[[ Records provided, beginning ]]
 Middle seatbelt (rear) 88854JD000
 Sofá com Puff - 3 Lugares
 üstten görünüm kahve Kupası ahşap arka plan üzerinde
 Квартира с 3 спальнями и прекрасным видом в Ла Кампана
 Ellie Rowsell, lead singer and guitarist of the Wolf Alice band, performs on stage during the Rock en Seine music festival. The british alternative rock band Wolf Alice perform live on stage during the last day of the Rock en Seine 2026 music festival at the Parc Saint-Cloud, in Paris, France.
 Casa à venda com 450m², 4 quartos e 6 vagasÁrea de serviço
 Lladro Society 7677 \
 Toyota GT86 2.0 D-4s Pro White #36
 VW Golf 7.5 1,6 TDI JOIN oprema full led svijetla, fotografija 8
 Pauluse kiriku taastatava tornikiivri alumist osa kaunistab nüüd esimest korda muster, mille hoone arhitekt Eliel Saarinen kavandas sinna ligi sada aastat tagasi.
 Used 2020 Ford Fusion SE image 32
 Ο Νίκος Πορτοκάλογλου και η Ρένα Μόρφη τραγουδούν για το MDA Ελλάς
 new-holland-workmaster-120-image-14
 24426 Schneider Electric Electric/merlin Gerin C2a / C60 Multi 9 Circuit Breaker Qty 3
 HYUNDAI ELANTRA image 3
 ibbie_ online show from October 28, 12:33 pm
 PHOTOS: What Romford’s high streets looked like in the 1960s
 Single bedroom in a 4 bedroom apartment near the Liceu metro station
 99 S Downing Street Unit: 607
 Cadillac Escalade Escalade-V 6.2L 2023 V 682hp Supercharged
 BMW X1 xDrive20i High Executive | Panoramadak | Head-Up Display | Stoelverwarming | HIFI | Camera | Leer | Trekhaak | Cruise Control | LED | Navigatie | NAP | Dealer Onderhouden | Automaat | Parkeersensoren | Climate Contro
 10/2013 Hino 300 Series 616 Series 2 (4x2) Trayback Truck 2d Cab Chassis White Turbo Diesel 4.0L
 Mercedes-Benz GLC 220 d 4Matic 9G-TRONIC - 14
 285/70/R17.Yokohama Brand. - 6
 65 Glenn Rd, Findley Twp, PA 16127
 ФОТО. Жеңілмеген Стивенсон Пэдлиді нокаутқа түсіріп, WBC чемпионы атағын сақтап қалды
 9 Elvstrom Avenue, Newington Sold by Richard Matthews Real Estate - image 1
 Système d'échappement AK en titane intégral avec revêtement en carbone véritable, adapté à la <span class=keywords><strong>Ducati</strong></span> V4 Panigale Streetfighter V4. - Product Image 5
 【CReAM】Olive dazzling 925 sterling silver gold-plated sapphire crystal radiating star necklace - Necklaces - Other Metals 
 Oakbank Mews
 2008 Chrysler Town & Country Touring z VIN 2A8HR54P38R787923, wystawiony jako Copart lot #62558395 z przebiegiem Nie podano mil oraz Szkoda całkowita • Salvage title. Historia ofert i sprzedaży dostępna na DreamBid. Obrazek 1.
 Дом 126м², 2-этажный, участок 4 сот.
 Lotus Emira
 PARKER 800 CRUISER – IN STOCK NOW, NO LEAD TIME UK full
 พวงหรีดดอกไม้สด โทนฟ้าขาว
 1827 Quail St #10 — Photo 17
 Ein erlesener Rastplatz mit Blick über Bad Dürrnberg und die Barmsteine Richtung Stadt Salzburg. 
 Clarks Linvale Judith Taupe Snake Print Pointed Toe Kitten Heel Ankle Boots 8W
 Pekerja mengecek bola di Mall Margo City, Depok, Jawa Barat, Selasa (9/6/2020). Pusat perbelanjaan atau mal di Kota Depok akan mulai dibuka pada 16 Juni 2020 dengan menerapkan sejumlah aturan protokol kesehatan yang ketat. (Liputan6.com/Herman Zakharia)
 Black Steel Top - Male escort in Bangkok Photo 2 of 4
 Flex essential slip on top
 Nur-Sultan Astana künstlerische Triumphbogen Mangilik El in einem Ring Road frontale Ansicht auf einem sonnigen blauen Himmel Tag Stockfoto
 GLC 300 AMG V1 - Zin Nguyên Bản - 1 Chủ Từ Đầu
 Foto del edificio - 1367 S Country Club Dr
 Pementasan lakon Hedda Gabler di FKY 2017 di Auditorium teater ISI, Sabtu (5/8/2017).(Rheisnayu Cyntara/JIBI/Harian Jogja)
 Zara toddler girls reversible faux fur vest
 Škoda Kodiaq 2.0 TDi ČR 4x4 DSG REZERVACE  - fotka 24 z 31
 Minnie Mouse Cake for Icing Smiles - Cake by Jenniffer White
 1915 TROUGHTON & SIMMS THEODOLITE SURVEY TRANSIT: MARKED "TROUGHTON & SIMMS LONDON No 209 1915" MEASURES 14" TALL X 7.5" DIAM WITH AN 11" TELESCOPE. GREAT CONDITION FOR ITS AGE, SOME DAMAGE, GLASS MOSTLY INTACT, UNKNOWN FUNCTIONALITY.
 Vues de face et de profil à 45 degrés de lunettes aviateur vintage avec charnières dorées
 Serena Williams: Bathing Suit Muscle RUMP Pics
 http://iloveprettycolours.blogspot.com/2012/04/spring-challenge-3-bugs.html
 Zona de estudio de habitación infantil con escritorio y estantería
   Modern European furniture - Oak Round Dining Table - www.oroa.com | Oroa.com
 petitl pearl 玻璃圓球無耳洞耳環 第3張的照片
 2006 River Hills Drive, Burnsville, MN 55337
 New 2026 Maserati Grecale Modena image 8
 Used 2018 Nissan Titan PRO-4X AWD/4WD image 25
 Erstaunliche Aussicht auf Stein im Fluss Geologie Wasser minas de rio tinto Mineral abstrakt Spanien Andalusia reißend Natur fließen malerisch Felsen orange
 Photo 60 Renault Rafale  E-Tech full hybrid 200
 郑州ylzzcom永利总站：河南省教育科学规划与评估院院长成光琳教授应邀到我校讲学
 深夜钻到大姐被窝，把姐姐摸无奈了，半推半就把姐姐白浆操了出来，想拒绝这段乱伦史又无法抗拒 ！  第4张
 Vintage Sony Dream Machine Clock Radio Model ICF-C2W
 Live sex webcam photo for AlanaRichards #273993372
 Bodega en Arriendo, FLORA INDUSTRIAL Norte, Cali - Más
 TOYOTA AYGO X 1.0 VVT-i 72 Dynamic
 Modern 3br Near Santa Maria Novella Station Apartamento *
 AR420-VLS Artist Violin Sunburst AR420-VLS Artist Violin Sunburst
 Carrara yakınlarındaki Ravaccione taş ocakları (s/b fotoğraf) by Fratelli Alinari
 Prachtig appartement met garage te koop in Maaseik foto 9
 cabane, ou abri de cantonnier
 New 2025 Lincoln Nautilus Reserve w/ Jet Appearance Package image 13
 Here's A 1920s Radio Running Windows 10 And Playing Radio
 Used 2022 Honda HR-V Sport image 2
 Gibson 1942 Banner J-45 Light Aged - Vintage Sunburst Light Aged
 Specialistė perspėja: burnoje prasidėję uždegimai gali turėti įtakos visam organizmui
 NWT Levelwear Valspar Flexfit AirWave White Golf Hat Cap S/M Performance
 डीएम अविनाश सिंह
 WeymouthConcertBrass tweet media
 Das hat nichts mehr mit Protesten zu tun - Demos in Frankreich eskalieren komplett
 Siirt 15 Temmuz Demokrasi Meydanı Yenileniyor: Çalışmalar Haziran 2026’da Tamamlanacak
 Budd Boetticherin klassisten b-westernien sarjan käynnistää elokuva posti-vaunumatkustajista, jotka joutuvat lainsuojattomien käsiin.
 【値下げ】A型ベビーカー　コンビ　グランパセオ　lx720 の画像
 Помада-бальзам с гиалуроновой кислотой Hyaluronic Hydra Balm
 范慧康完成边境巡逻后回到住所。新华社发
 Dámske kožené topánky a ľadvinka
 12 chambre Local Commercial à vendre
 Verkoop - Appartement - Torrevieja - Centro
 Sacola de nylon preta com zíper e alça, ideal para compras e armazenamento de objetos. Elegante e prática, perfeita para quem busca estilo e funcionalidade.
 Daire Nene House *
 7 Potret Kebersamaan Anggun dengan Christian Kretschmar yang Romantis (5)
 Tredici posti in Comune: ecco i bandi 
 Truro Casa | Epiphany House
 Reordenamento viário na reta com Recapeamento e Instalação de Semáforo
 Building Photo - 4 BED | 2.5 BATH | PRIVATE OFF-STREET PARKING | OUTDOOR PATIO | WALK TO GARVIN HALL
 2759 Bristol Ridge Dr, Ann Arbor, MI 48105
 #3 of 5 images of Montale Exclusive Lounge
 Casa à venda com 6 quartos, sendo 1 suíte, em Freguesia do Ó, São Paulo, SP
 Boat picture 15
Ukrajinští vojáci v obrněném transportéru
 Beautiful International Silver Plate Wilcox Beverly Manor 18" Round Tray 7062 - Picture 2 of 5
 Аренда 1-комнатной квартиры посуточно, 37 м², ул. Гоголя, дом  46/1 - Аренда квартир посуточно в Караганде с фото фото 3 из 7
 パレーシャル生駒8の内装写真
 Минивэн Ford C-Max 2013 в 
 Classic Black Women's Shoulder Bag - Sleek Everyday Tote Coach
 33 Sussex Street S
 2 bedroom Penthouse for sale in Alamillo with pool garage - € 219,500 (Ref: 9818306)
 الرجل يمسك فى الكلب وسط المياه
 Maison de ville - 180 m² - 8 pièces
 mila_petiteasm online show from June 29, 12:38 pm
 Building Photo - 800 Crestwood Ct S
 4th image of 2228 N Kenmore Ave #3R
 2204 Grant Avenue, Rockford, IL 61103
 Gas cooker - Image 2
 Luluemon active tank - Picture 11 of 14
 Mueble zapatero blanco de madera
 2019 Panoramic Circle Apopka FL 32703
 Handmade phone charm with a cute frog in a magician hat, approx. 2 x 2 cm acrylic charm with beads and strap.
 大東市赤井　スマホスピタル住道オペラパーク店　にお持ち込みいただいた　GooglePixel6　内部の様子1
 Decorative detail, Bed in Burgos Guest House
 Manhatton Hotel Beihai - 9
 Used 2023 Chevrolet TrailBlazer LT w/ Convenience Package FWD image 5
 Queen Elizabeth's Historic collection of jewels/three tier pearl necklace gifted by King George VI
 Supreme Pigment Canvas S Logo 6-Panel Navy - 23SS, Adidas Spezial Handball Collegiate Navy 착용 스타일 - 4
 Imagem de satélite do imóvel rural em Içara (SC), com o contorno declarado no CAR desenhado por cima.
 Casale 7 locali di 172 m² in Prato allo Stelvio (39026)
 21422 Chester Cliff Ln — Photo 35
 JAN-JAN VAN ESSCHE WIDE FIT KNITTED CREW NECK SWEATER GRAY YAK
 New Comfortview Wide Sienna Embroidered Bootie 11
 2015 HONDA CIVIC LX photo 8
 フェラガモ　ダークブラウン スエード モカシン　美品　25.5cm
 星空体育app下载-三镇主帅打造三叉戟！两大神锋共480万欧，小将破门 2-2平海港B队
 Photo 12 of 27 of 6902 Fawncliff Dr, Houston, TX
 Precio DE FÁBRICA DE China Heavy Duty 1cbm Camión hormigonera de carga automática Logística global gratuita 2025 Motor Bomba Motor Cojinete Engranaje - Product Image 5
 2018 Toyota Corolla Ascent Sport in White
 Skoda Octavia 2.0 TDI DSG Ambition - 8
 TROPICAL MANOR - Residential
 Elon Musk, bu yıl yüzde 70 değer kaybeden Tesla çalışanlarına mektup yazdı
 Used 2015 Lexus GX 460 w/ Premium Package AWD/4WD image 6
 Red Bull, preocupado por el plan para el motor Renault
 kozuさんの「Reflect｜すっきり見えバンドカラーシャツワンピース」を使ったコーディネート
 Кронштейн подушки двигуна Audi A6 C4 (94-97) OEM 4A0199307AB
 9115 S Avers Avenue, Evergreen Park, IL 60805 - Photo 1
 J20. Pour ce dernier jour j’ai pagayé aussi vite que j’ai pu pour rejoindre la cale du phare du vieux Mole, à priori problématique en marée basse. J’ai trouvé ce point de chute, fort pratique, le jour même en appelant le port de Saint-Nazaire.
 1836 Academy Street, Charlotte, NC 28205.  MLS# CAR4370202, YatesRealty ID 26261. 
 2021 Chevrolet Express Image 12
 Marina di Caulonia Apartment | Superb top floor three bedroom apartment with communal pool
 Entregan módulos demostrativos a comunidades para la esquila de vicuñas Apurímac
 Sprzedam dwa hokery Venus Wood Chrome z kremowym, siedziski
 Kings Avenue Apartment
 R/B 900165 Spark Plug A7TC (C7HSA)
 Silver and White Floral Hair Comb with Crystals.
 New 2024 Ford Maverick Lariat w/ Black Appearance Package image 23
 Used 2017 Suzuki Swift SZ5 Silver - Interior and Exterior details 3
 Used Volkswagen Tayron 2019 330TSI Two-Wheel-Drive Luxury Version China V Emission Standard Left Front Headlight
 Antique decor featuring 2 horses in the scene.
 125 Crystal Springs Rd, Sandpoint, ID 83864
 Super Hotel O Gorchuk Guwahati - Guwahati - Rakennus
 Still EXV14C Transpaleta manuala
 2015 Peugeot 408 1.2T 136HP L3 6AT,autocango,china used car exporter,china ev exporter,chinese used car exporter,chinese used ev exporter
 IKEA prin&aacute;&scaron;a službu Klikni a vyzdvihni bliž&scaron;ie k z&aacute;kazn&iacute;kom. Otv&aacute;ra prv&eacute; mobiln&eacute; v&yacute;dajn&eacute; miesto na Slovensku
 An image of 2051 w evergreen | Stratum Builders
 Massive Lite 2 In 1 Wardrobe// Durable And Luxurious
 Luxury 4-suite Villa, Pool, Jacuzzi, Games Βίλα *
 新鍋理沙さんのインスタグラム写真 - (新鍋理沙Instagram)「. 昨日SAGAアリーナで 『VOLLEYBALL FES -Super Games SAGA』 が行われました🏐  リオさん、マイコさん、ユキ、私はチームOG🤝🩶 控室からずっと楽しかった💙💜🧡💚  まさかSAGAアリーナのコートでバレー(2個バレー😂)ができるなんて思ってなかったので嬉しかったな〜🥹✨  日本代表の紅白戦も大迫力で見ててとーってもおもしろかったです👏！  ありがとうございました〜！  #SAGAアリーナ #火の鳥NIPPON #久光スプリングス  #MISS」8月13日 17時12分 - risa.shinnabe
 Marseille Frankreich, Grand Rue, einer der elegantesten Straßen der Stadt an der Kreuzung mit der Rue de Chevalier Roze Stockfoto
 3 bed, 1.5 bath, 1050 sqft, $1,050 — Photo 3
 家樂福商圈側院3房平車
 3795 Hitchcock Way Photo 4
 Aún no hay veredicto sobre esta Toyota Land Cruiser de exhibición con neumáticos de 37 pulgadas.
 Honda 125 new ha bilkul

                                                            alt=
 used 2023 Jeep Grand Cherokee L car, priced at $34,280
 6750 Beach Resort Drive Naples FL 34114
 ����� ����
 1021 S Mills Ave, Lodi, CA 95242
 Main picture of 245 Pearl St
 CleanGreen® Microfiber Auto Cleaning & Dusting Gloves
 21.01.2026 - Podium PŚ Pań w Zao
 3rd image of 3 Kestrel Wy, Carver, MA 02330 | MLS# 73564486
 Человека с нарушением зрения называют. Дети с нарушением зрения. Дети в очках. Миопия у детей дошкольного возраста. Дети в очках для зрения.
[[ Records provided, end ]]
The task → For the string "yang", search the preceding data and copy every line that includes it.

The completed task →
 Pekerja mengecek bola di Mall Margo City, Depok, Jawa Barat, Selasa (9/6/2020). Pusat perbelanjaan atau mal di Kota Depok akan mulai dibuka pada 16 Juni 2020 dengan menerapkan sejumlah aturan protokol kesehatan yang ketat. (Liputan6.com/Herman Zakharia)
 7 Potret Kebersamaan Anggun dengan Christian Kretschmar yang Romantis (5)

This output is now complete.